Transform is a centralized metrics store in your data stack that enables you to define all your important metrics in a single place using MetricFlow, our Metrics Framework, explore and collaborate on these metrics using the Metrics Catalog, and perform further analysis by querying for metrics within your favorite tools using our Metrics API.
How to query for metrics within your favorite tools and workflows
Transform's goal is to allow you to query your key metrics simply and reliably within your existing data tools and workflows. After users define their important metrics in our Framework, we offer a wide variety of interfaces to access this information, which all rely on the core API layer, MetricFlow Query Language (MQL). MQL is the single source-of-truth layer that allows you to access consistent query results in all your favorite tools.
We believe that SQL should be treated with the same rigor as any other business logic: peer-reviewed, version-controlled, and abiding by the principle of Don't Repeat Yourself. To this last point, Transform can eliminate the need for writing (or copy-pasting) SQL into any of the tools used to do last-mile data visualization and analysis, in exchange for making simple Transform queries reliably across all of these tools.
The simplification of requests not only eliminates the need for complex and redundant logic in your downstream tools, but also ensures that your most important metrics are consistent across all of them, whether it be a CRM product, anomaly detection algorithm, or a BI tool.
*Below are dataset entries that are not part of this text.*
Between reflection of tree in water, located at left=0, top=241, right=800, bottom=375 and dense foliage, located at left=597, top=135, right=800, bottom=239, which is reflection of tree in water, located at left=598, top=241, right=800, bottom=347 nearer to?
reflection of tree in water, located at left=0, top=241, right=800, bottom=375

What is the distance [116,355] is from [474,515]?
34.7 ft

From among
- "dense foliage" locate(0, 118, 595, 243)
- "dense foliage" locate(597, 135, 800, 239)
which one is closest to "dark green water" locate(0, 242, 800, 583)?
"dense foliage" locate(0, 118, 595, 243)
In this post, we will explore the interfaces that Transform currently supports. More important than any individual interface, you will find they are all consistent with Transform's core API so that you can resolve all your metrics in the best tool for the job. You can even switch between tools without skipping a beat as your analysis needs evolve.
MQL: a GraphQL API
The core MQL API is a GraphQL interface, exposing a strongly-typed API schema for Metric metadata and query results. This MQL API forms the basis for all our other interfaces below and acts as the single source of truth that all requests are routed through. This allows all downstream interfaces to enjoy the same ease-of-use, authentication, and reliability promises made by this core API layer.
Why choose GraphQL?
- A strongly-typed API schema reduces bugs and allows our API to be fairly self-documenting for common use cases.
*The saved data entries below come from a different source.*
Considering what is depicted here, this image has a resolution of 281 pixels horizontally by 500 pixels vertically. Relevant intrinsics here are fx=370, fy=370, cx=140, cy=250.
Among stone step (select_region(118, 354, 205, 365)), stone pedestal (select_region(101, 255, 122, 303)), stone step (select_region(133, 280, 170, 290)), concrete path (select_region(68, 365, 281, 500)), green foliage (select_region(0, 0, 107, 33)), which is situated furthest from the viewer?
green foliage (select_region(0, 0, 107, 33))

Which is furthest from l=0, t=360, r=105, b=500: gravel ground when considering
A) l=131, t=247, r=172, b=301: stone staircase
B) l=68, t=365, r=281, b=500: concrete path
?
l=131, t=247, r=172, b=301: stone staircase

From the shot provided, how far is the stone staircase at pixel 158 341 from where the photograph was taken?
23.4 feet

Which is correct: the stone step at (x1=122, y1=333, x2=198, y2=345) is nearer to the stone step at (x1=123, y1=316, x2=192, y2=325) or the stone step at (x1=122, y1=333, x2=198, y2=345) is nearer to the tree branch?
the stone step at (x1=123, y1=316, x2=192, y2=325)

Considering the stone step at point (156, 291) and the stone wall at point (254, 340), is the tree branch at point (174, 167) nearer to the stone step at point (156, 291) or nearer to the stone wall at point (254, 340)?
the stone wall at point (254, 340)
- GraphQL queries allow clients to build the query response they want, rather than having to piece together data across different endpoints.
- GraphiQL, a GraphQL IDE, allows our users to easily explore the graph and iteratively build and test the queries they want to make (more below).
GraphQL API Explorer: a built-in GraphQL IDE
- Autocomplete, documentation, typed schema, built-in authentication
- Never deal with API tokens and cURL requests if you don't want to
A note on authentication and data governance:
All requests to the MQL API must be authenticated to a valid user on the Transform service using a JSON Web Token or Transform API key.
Transform CLI Tool
The CLI is the swiss-army knife interface. You can use it to instantly answer questions around your metrics and their corresponding dimensions.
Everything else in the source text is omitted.